『忍風戦隊ハリケンジャーwithドンブラザーズ』感想

雷堂

TTFCで限定配信されているスピンオフ作品『忍風戦隊ハリケンジャーwithドンブラザーズ』(監督:谷本健晋 脚本:西 駿人)をレビュー

2002年2月から2003年2月まで放送されたスーパー戦隊シリーズ第26作『忍風戦隊ハリケンジャー』が20周年を迎えたことを記念して、現在放送中の『暴太郎戦隊ドンブラザーズ』とのコラボ作品が完成。東映特撮がいつでも見放題のアプリ、TTFC(東映特撮ファンクラブ)にて限定配信が開始されたので、早速観てみた。

ネタバレも含むが、最後までおつきあいいただければ幸いだ。

※以下で使用している画像は全て『忍風戦隊ハリケンジャーwithドンブラザーズ』より引用している。

目次

来訪者たち

物語は、『ドンブラザーズ』でお馴染みの喫茶どんぶらから始まる。正確には、喫茶どんぶらから・・・と言っても、舞台となるのは、この喫茶どんぶらとビルの屋上の2ヶ所だけ。手間も予算もかけないという意味では、短篇らしい作り方である。その喫茶どんぶらには、何故か鬼頭はるか一人。ドンブラザーズの面々はおろか、マスターさえ不在の様子だ。

鬼頭はるか/オニシスター

志田こはく

はるかは新作マンガのアイデアが浮かばず悩んでいた。予定では、歴史を揺るがす大傑作恋愛マンガとなるらしい。

そこに怪しげな集団と、彼らを追ってきたと思しき一人の戦士が現れる。下忍マゲラッパと、ハリケンレッドだ。

喫茶どんぶらに現れたマゲラッパたち

椎名鷹介/ハリケンレッド

塩谷 瞬

空忍の紋章を染め抜いた真っ赤な和傘が眩しい。当時を知る人なら、これだけでちょっとテンションが上がるかもしれない。

はるかの前に現れたハリケンレッド

ハリケンレッドはマゲラッパたちの持つ青い石を奪おうとしていた。その石の名は「ジキョクセキ(磁極石? 本記事執筆時点で正確な文字は不明)」。20年前に倒した宇宙忍群ジャカンジャの残党が、それを使って恐るべき計画を立てているらしい。

そして『ハリケンジャー』といえば、「超忍法・影の舞」である。画面手前で障子が閉まり、そこに映し出される影によって戦闘シーンを描くという『ハリケンジャー』の代名詞とも言える演出。障子というアイテムで和のテイストを強調し、スピーディーに動く影によって忍者の持つスピード感と、人知れぬ影の存在たる忍者の存在感を高めるという傑作アイデアだ。
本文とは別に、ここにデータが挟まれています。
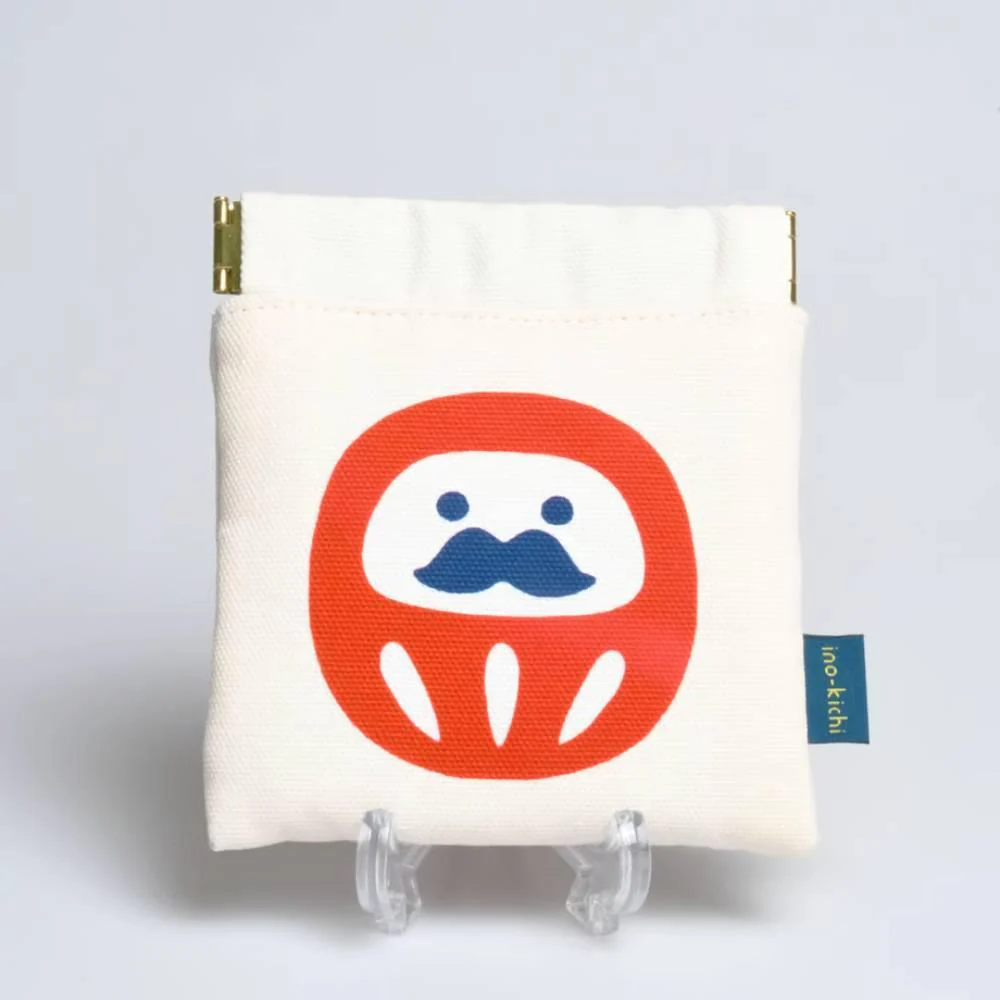 Shirakawa Daruma Cute White Cotton Small Pouch Daruma Design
もちろん本作でも登場するのだが、今回はかなりコミカルな演出となっている。はるかが黄色の影として登場し、マゲラッパに追われて右往左往。赤い影・ハリケンレッドに頭を踏みつけられると、ポヨンとバネのように凹んだりもする。昔の『マリオブラザーズ』を見ているような気分だ。

超忍法・影の舞が再び

店の中でそんな大立ち回りをやられたものだから、喫茶どんぶらの中はメチャクチャだ。テーブルや椅子は転がり、備品は散乱。そこまでして事態が解決すれば良かったのだろうが、マゲラッパたちは石を持ったまま逃走してしまう。それと入れ替わりのタイミングで2人の男女が駆けつける。野乃七海と尾藤吼太。ハリケンブルーとハリケンイエローである。

野乃七海/ハリケンブルー

長澤奈央

尾藤吼太/ハリケンイエロー

山本康平

こうして3人揃ったハリケンジャーたちは、すぐにマゲラッパたちを追いかけようとするが、はるかがそれに待ったをかける。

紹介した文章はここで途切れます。